Could 2019 be the year U.S. retirement plans see significant reform? With bipartisan support, the House of Representatives passed on May 23 the Setting Every Community Up for Retirement Enhancement Act of 2019 (SECURE Act). The SECURE Act aims to increase the accessibility of retirement plans and ease some current rules.
How would this legislation affect your retirement plans?
Some key provisions include:
- Increasing the automatic enrollment safe harbor deferral cap to 15% (from the current 10%) after first plan year.
- Requirement to include a lifetime income disclosure (monthly income stream) on benefit statements.
- Fiduciary safe harbor for selection of lifetime income provider (i.e. annuity provider).
- Allowing portability of lifetime income options (i.e. annuities).
- Allowing long-term, part-time employees to participate in 401(k) plan.
- Penalty-free withdrawals from retirement plans for birth or adoption of a child.
- Increase the required minimum distribution (RMD) age to 72 (from 70½).
- Easing rules pertaining to multiple employer plans (MEPs) to allow smaller employers to band together to gain efficiencies.

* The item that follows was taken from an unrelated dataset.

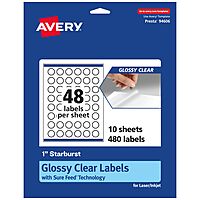 AVERY 1" Glossy Clear Starburst Labels, Sure Feed Technology, Print-to-The-Edge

The legislation moves to the Senate for debate and consideration, which also has been working on its own efforts for retirement plan reform. The Senate’s bill, the Retirement Enhancement and Savings Act (RESA), has many provisions similar to the SECURE Act.
The reform will become reality if leaders in both the House and Senate can come to a compromise and advance a retirement reform bill to the president.